### Brief
Could you write out every record below exactly, leaving out any pictures?

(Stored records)
"""
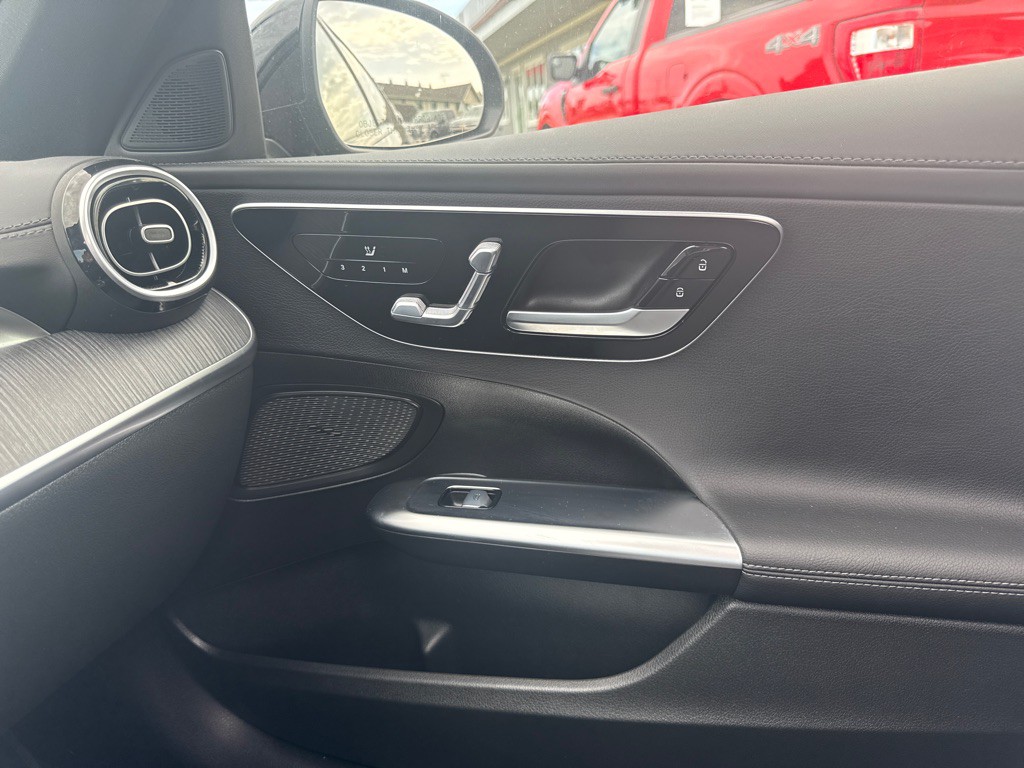 2023 Mercedes-Benz C-Class Image 32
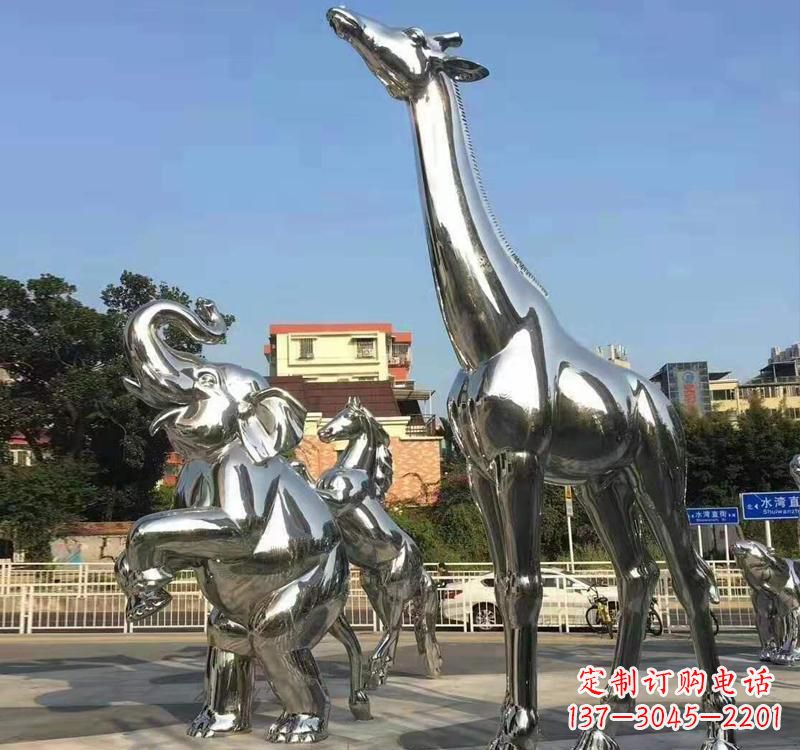 湖北长颈鹿雕塑精美而优雅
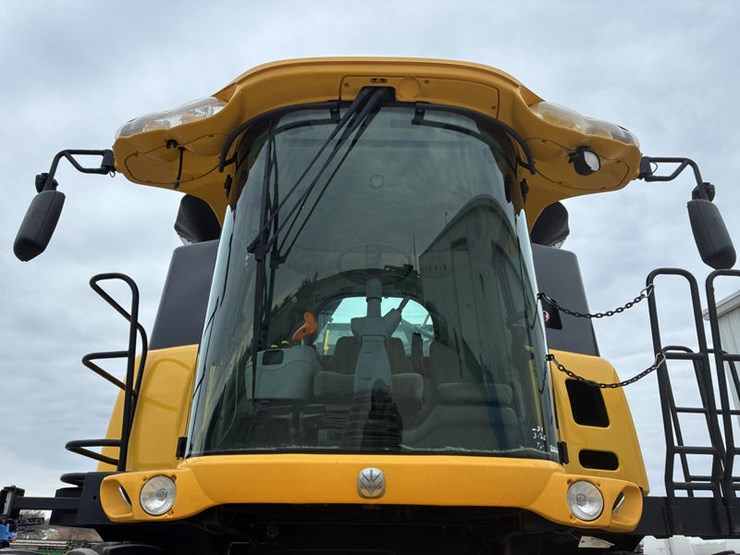 2009-new-holland-cr9060-image-14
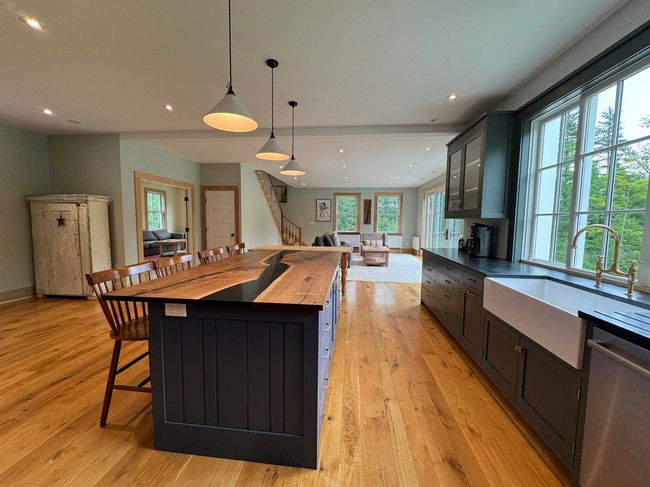 81 Pine Tree Ln, House other with 4 bedrooms, 3 bathrooms and null parking in Manchestr Ctr VT | Image 33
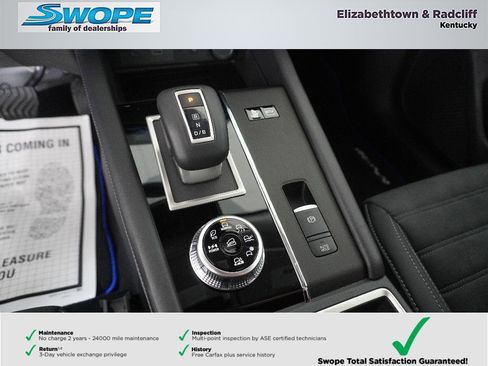 New 2025 Mitsubishi Outlander SE image 17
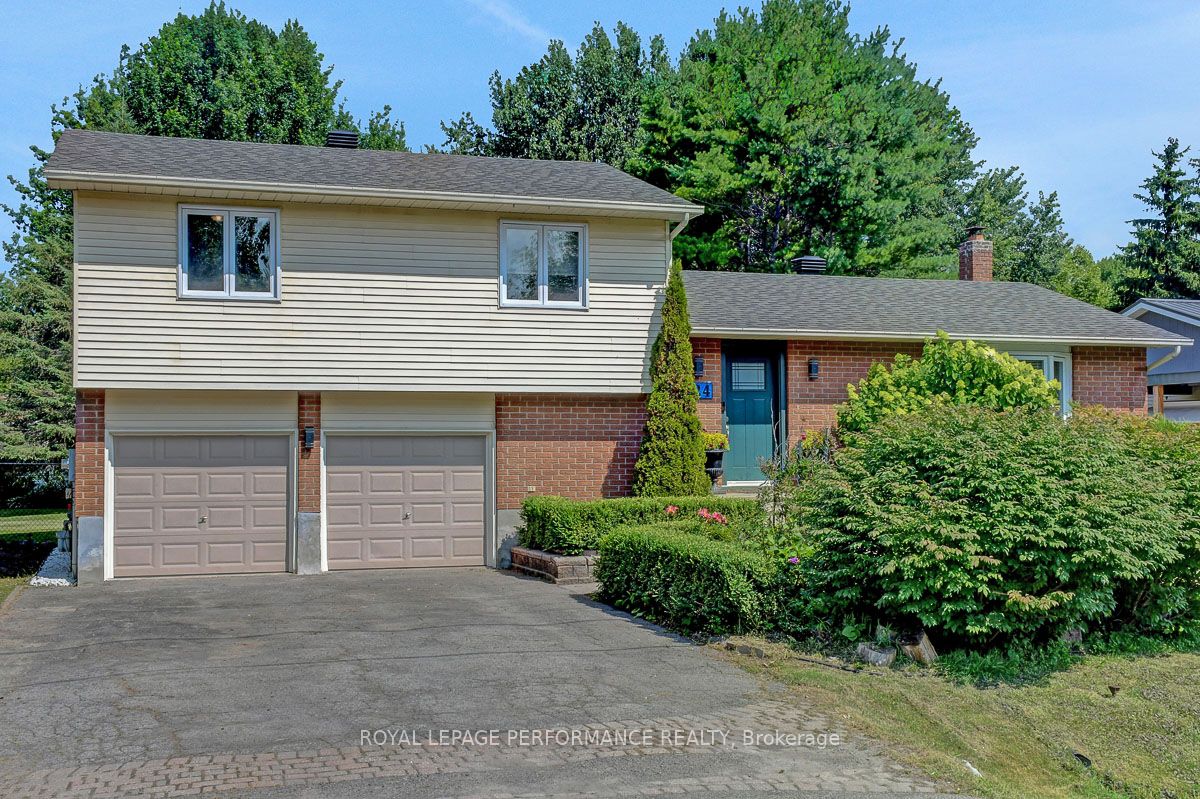 124 Des Pins Street Property Photo 1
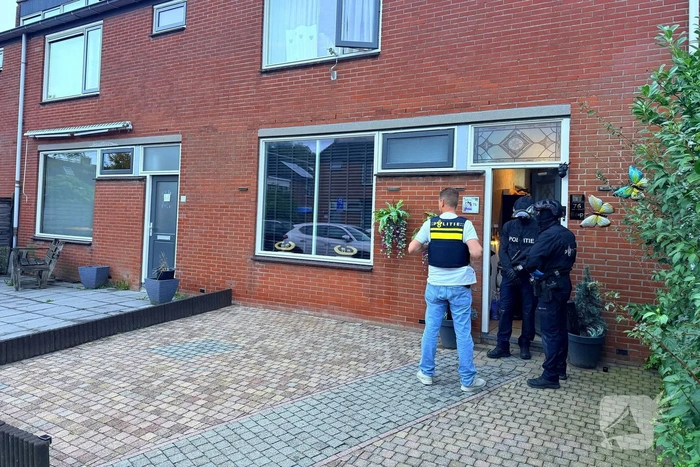 Flexteam van politie in actie bij inval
"""
### Expected answer
 2023 Mercedes-Benz C-Class Image 32
 湖北长颈鹿雕塑精美而优雅
 2009-new-holland-cr9060-image-14
 81 Pine Tree Ln, House other with 4 bedrooms, 3 bathrooms and null parking in Manchestr Ctr VT | Image 33
 New 2025 Mitsubishi Outlander SE image 17
 124 Des Pins Street Property Photo 1
 Flexteam van politie in actie bij inval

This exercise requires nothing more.